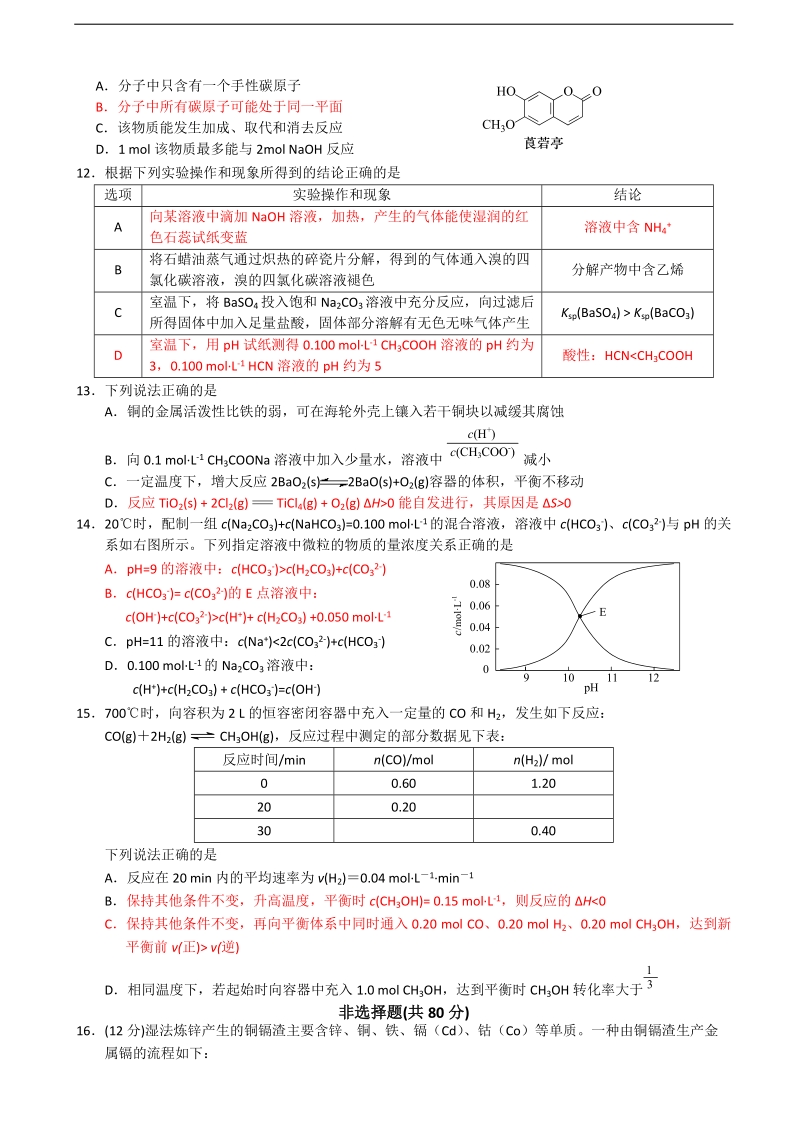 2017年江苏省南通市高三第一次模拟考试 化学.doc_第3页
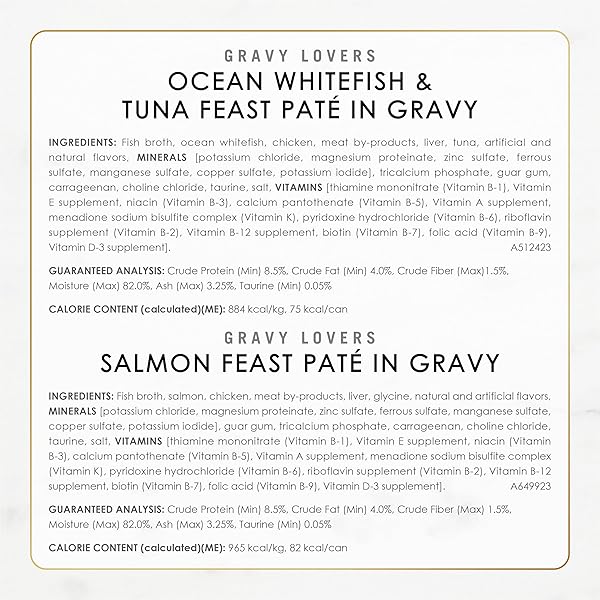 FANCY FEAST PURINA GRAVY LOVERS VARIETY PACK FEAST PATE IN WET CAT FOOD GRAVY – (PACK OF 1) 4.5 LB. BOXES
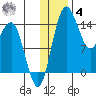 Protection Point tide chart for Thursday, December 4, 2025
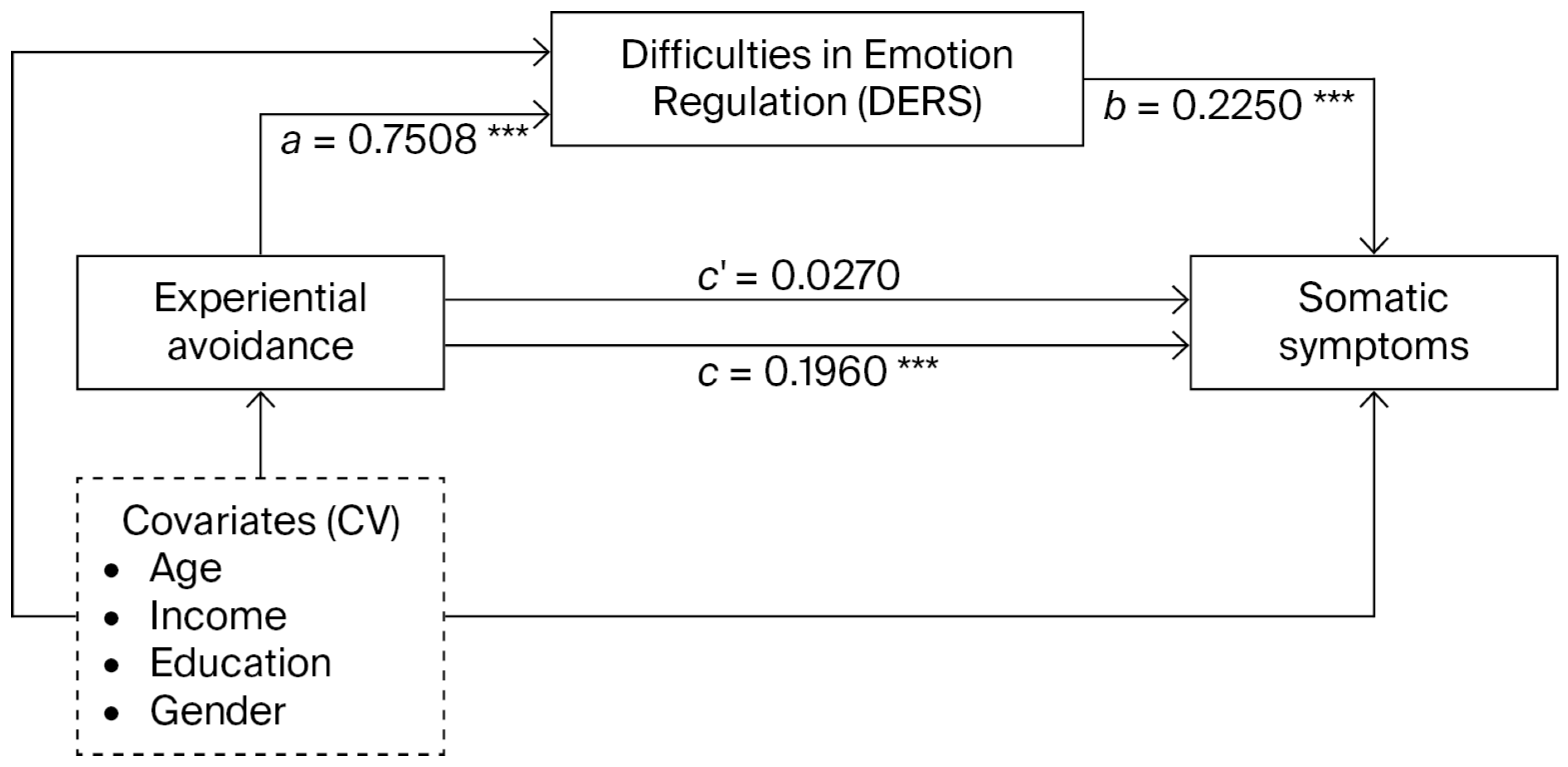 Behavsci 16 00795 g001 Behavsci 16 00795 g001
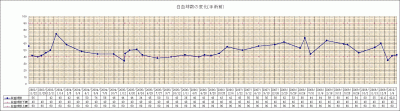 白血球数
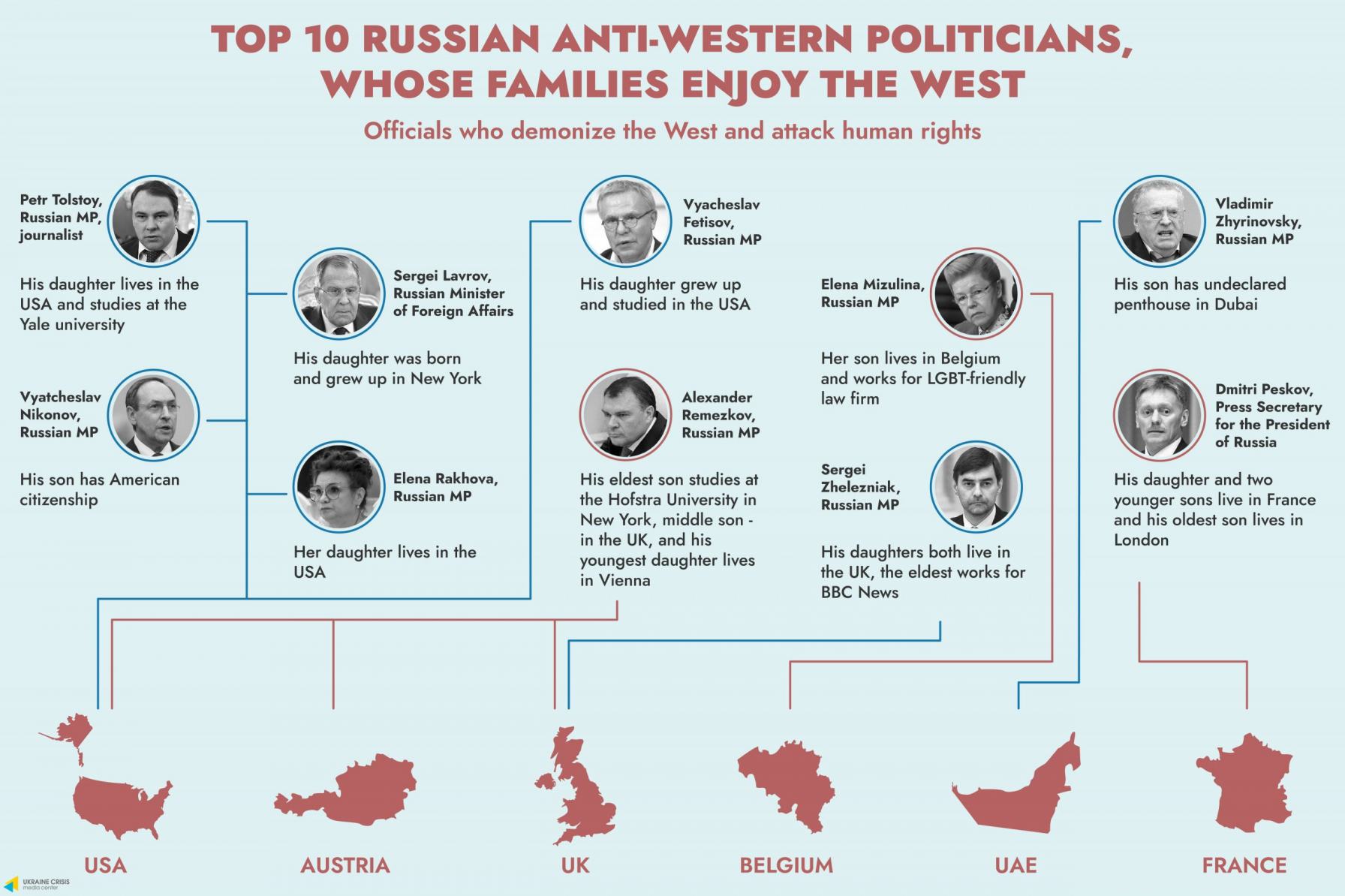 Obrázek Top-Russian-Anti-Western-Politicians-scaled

---

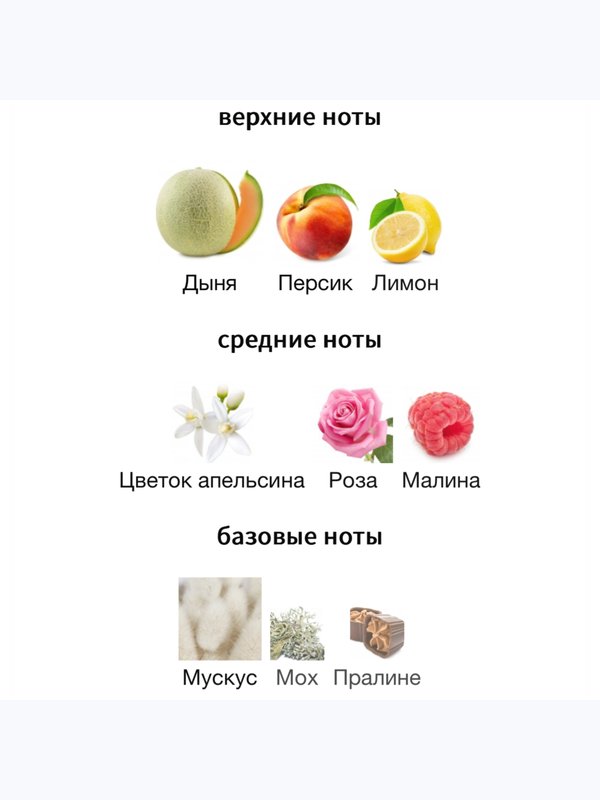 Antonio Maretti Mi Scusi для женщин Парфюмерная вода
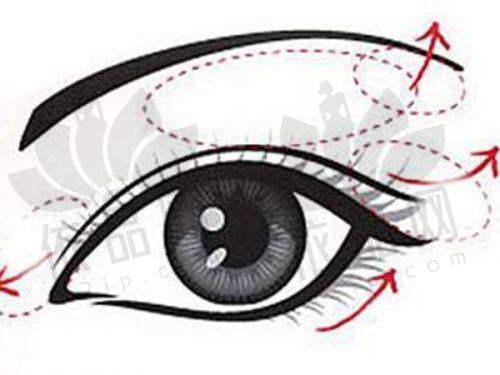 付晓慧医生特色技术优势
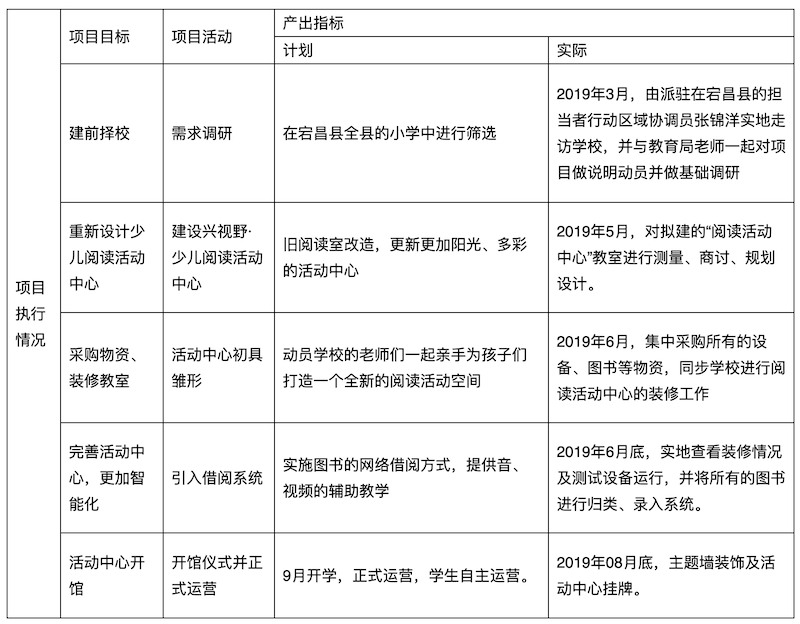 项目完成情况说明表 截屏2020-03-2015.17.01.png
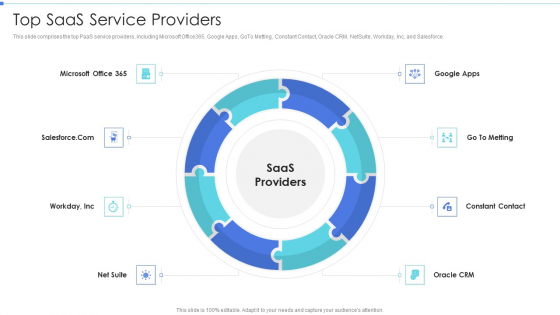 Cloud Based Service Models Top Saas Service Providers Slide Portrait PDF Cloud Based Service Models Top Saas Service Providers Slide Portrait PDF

---

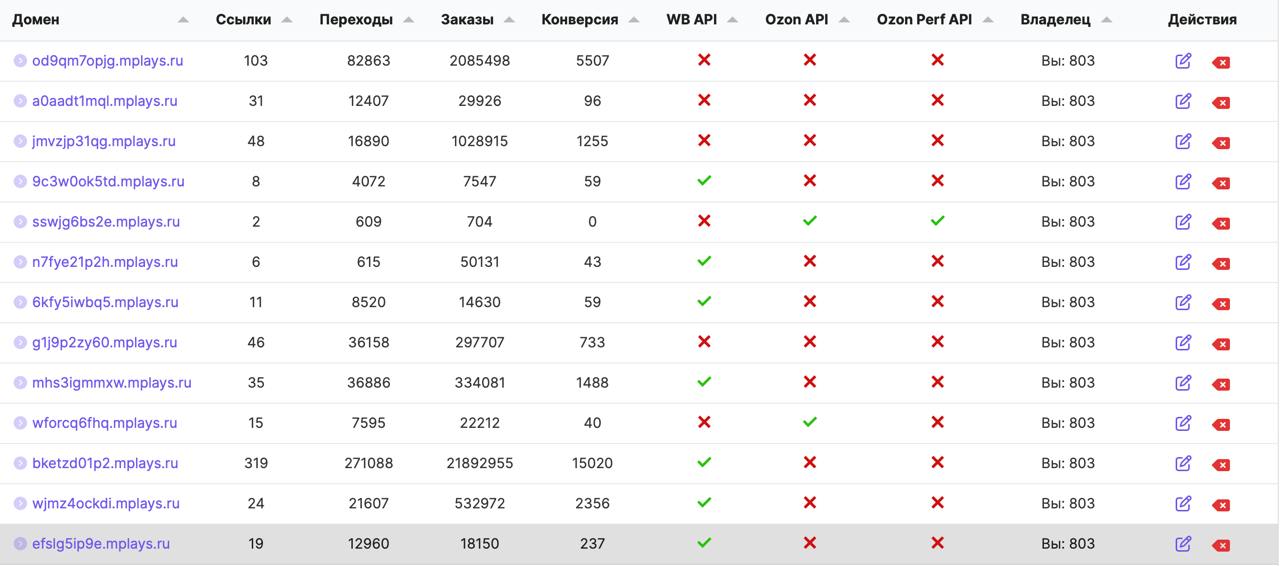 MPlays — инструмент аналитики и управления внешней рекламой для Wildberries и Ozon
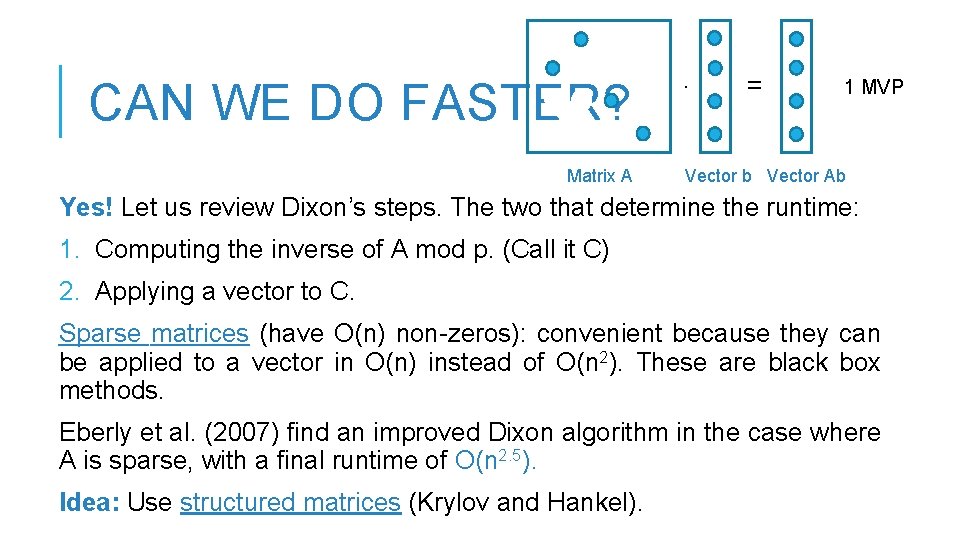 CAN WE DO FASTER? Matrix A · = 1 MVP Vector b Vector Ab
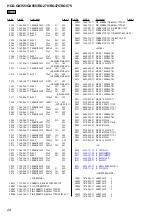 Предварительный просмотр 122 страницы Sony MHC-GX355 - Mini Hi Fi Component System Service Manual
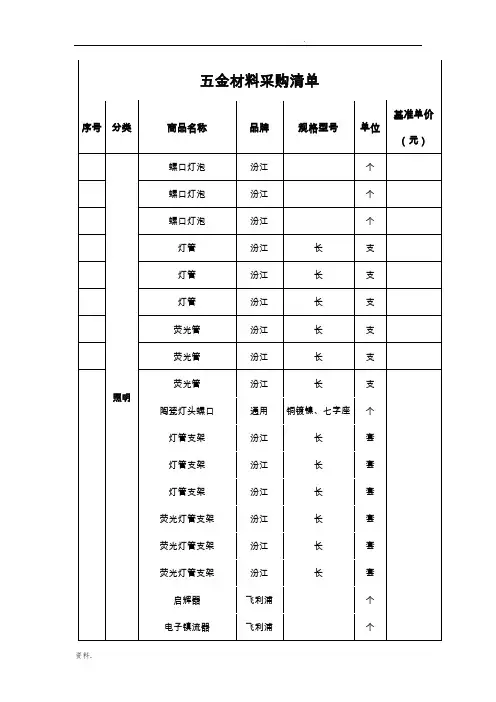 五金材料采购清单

---

#### Work instructions:
Would you restate, exactly and with no pictures, the lines of the entries above from the one containing "付晓慧医生特色技术优势" through the one containing "Portrait PDF Cloud"?

#### Your solution:
 付晓慧医生特色技术优势
 项目完成情况说明表 截屏2020-03-2015.17.01.png
 Cloud Based Service Models Top Saas Service Providers Slide Portrait PDF Cloud Based Service Models Top Saas Service Providers Slide Portrait PDF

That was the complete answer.